Answered by: sassyoldlady
Oct. 15, 2013 11:25 am
I always add a little sugar, but was just reading, it really doesn't affect the acidity. Teaspoon of baking soda for every 20 tomatoes will do it. Skim the foam it creates. you can also just cook the sauce at least 30 minutes, it will eventually cook the acidity out. That's why you cook spaghetti sauce for 3 or 4 hours when making from scratch.
Missy Kitty
Oct. 15, 2013 11:35 am
Yeah sassy I just made emeril's meatballs and red gravy and the cooking time is 4.5 hours. Never have a problem with acidity in that recipe.
Answered by: Don
Oct. 15, 2013 11:26 am
Hi acid -minimal -- what acid?? .cheers. Salsa Boloñesa 300g Minced Beef 45g/1½ oz Pancetta (or Unsmoked Streaky Bacon) - chopped 2tbsp Extra Virgin Olive Oil 1 clove Garlic - finely chopped 2tbsp Onion - finely chopped 2tbsp Carrot - finely chopped 2tbsp Celery - finely chopped Dried Spice mix 1½ tsp Basil, 1½ tsp Oregano, ¼ tsp Coriander and few twists of the Pepper Mill. 1 x 170g tin Tomato Puree 2 x 400g/14oz tins Italian Plum Tomatoes - chopped 250ml White Wine 400g Tagliatelle Pasta (or Spaghetti) To Serve: Parmesan Cheese - Grated for spreading over the pasta and sauce. Heat oil in large pot or frying pan; Add pancetta and fry gently, stirring occasionally, for some 4 minutes or so or until brown but not crisp; Add onions and garlic and fry gently, stirring occasionally for 1 minute; Add carrot and celery and continue cooking, stirring occasionally, for further 3 minutes; Add Spice Mix, stir in well and continue cooking, stirring continuously, for 1 minute Add mince and break down and brown slightly for some 3 minutes or so; Add wine, turn up heat and reduce by half; At first continue stirring to breakdown mince completely so no lumps; When wine reduced, add puree, stir in quickly to avoid burning; Add tomatoes, stir to break down further and bring to boil; Reduce heat and simmer, stirring occasionally, for about 45 minutes to 1 hour or longer if you want a more intense flavour; Serve with pasta of your choice and side dish of parmesan cheese for spreading.

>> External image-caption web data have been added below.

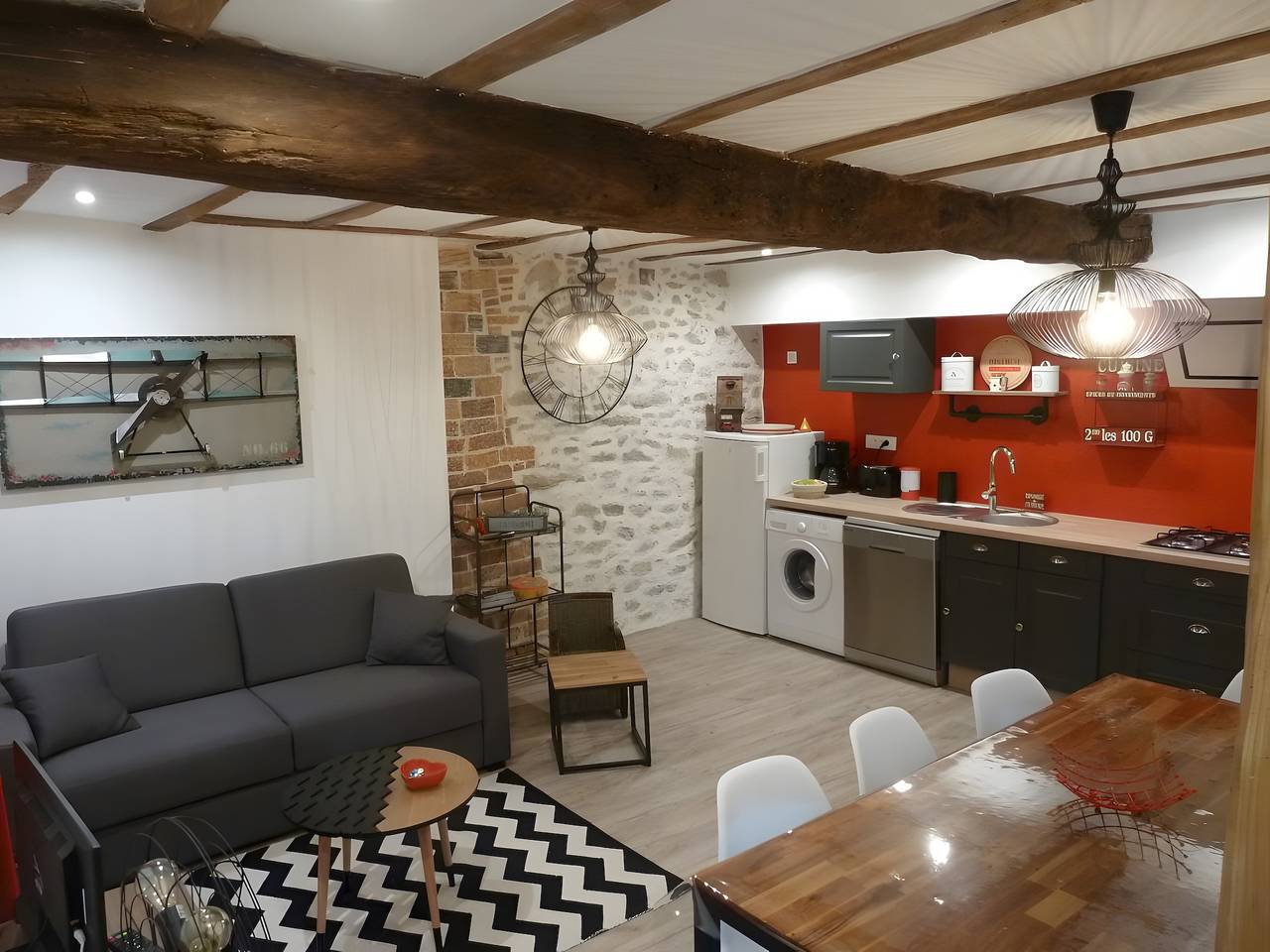 Ganze Wohnung, Appartement „Les Glycines N2“ mit privater Terrasse, Balkon und Wlan in Les Epesses, Loire-Tal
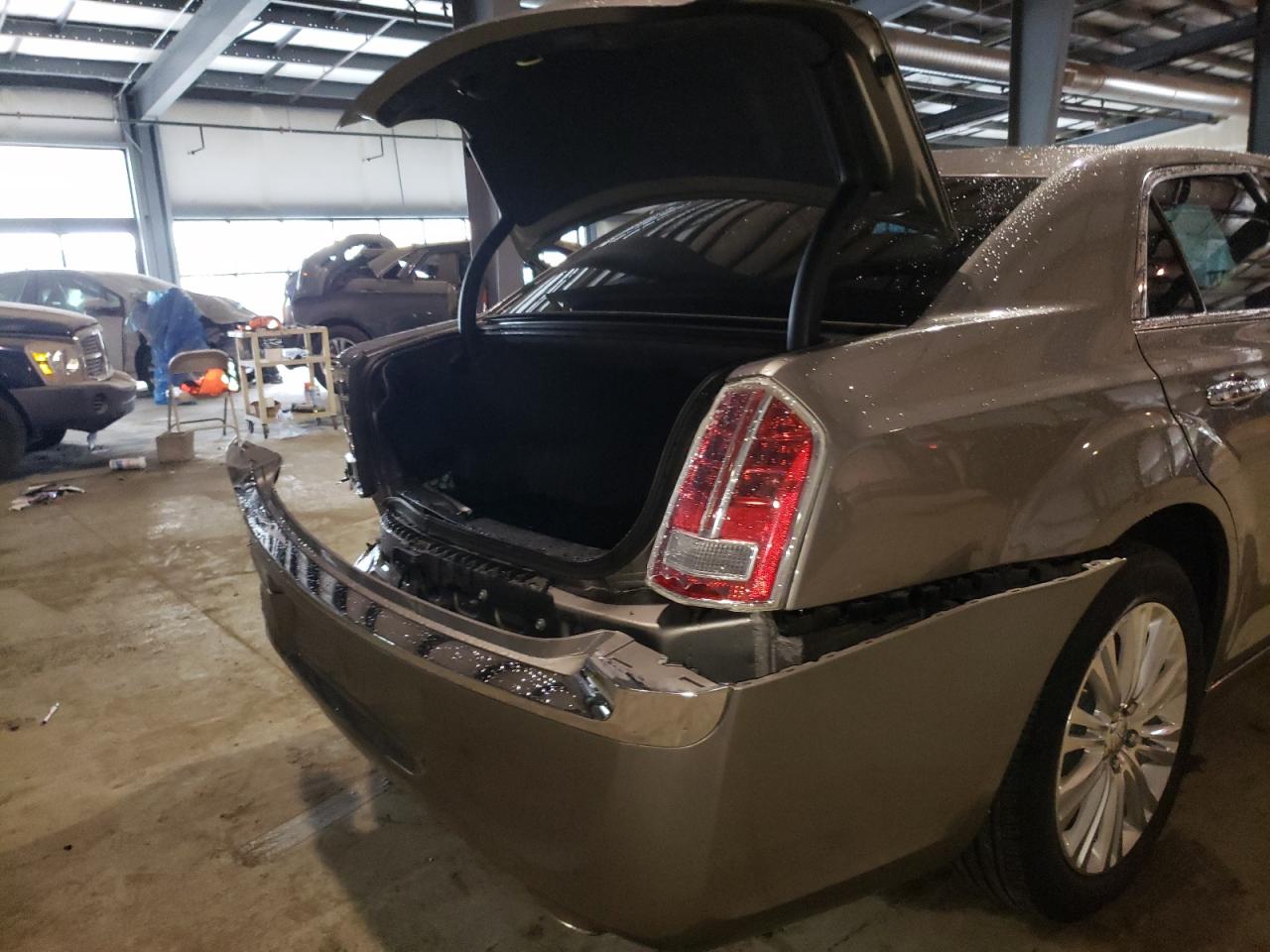 Photo 9 from auction – 2014 CHRYSLER 300C with VIN 2C3CCAKT8EH164461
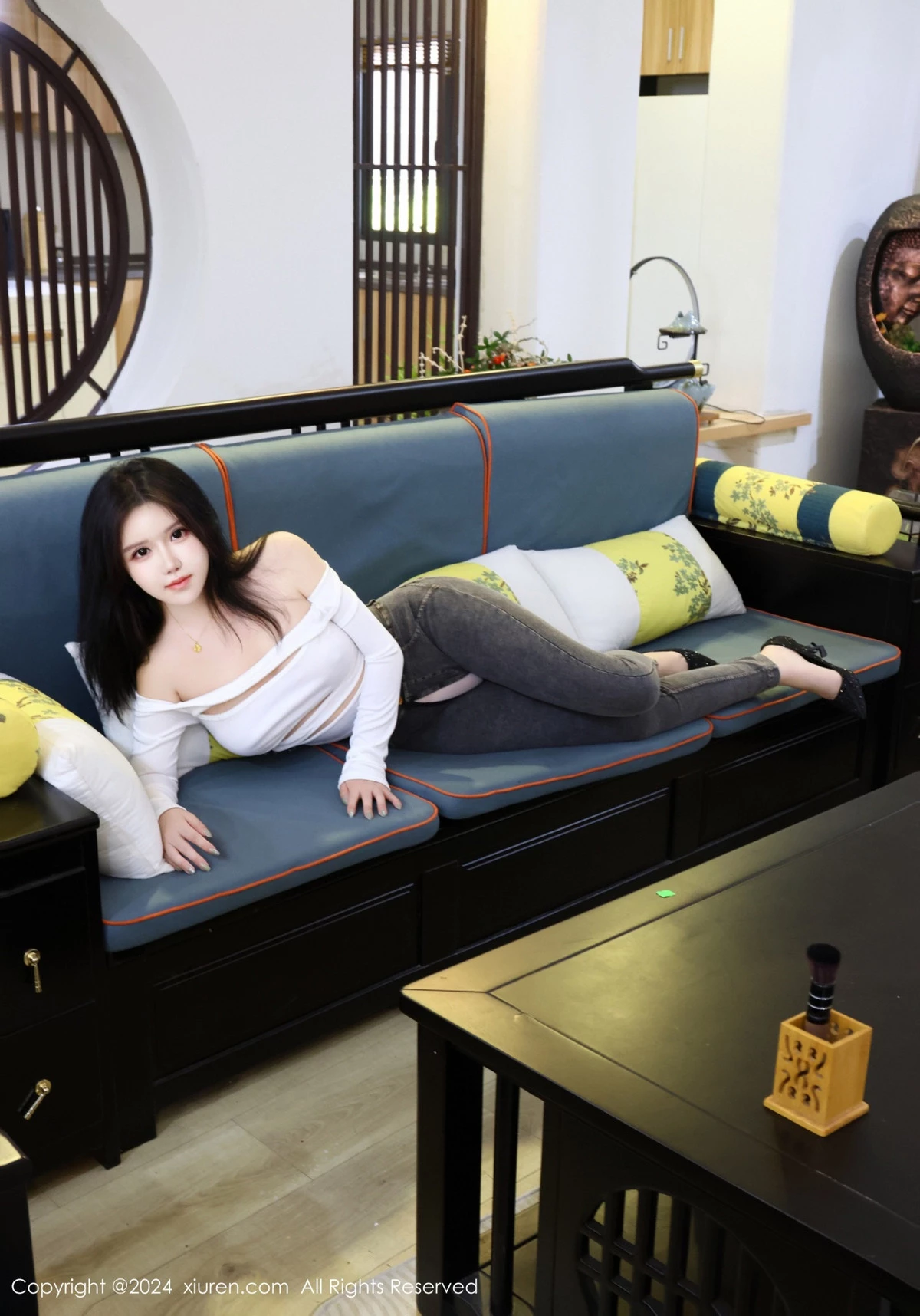 秀人集.com_[XiuRen秀人网]No.8853_模特小薯条nienie性感白色T恤配露臀牛仔裤秀完美身材诱惑写真78P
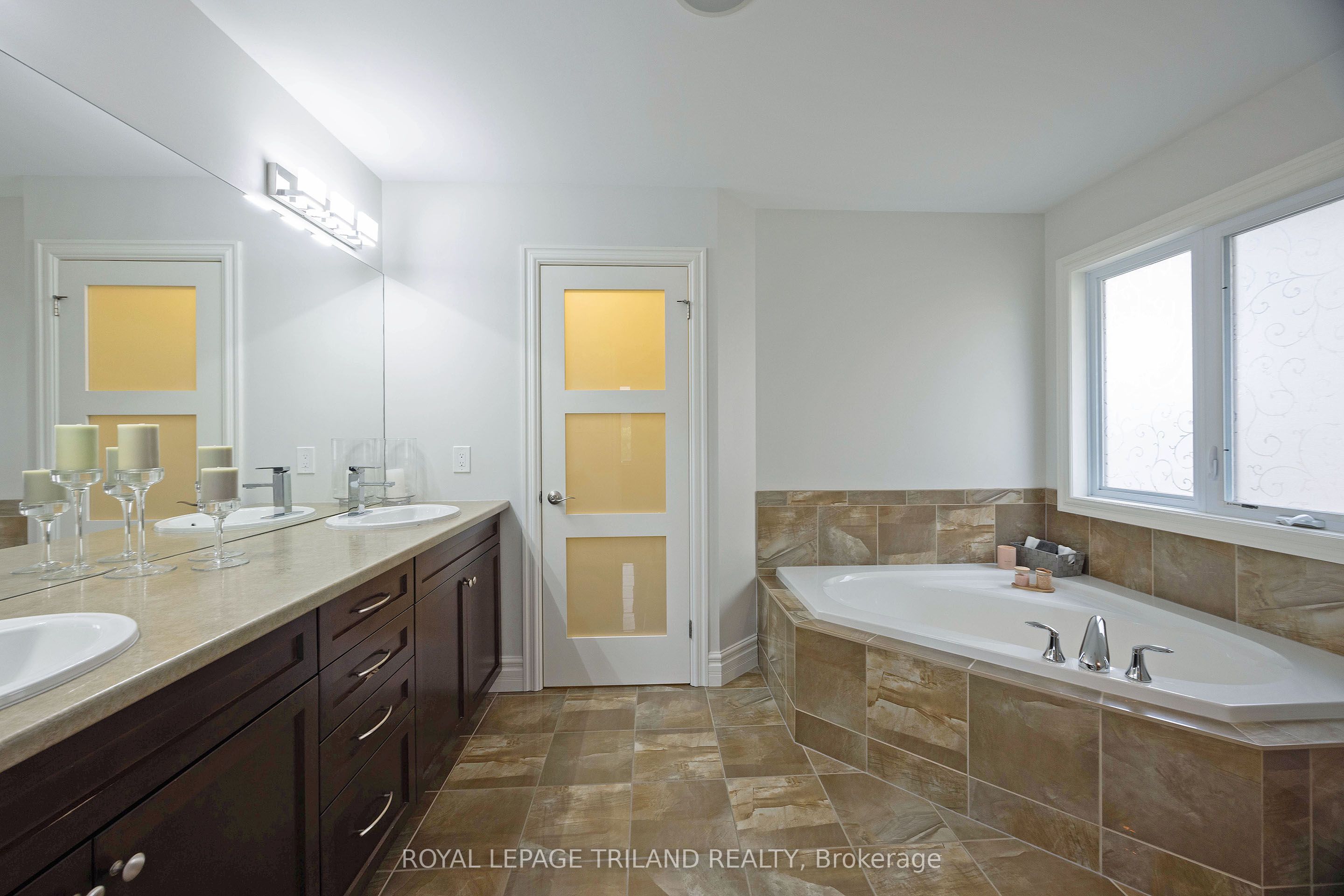 2091 Pennyroyal Street Property Photo 23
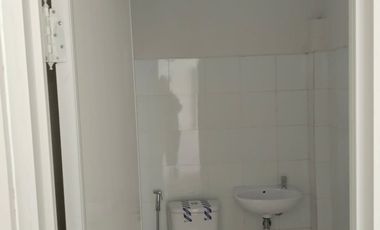 GUDANG LUAS LONASI DI PINGGIR JALAN PROPINSI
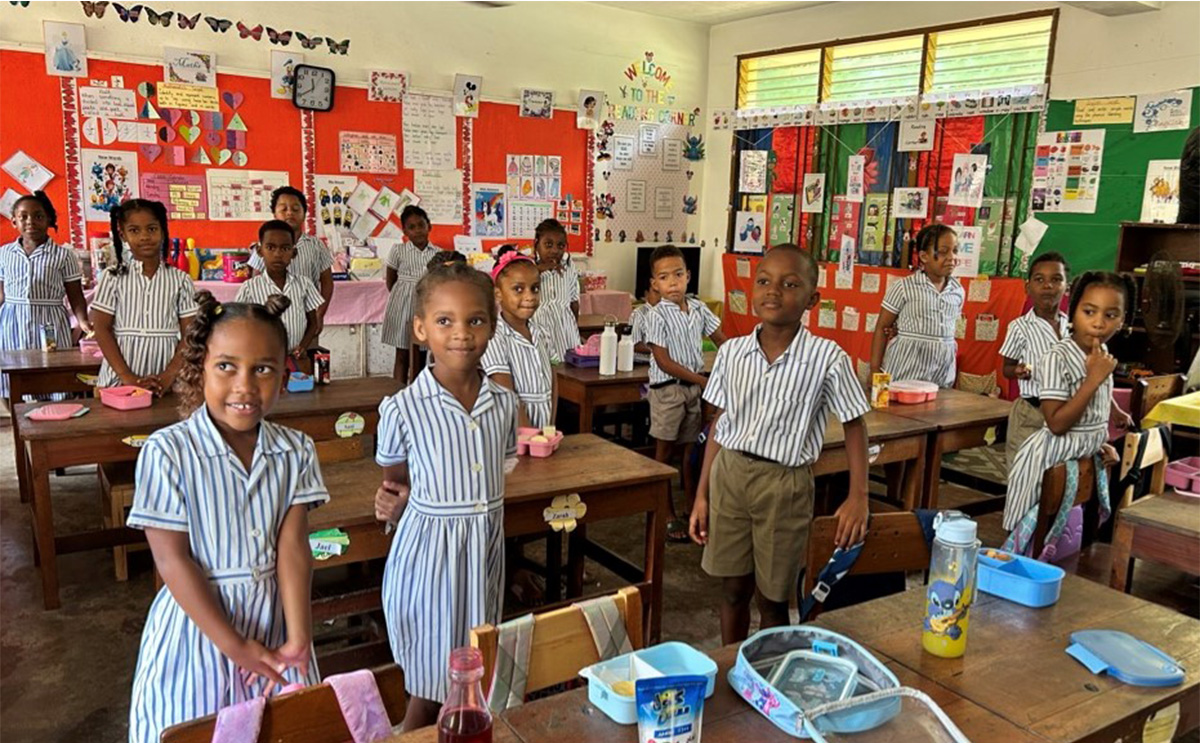 お昼ご飯の時間の教室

Answered by: Annica K Garcia-Alleyne
Oct. 15, 2013 11:36 am
You can use all depends on what you are cooking
Answered by: plzeat
Oct. 15, 2013 11:37 am
Thanks everyone. I was just curious. Hubby is first generation Italian. I have the "recipe". I was just wondering what others thought. This German girl was afraid to start the gravy v sauce debate. ;)
Oct. 15, 2013 11:38 am
ha! :) As everyone has said, it's not needed for those all day simmers, but for things that cook less time, there are tricks to help... I use it for my creamy tomato soup because I don't simmer it very long and it's pretty much straight tomatoes and stock! :)
Oct. 15, 2013 11:41 am
I never put sugar in mine.
Oct. 15, 2013 11:46 am
I used the carrot idea when our kids were home. I think it was my heritage that required onions, celery and carrots as the basis for all recipes. Just wondering what others did. Thanks everyone. Don the recipe sounds great- thanks. But I have to use Ma's. It is like having her the kitchen with us.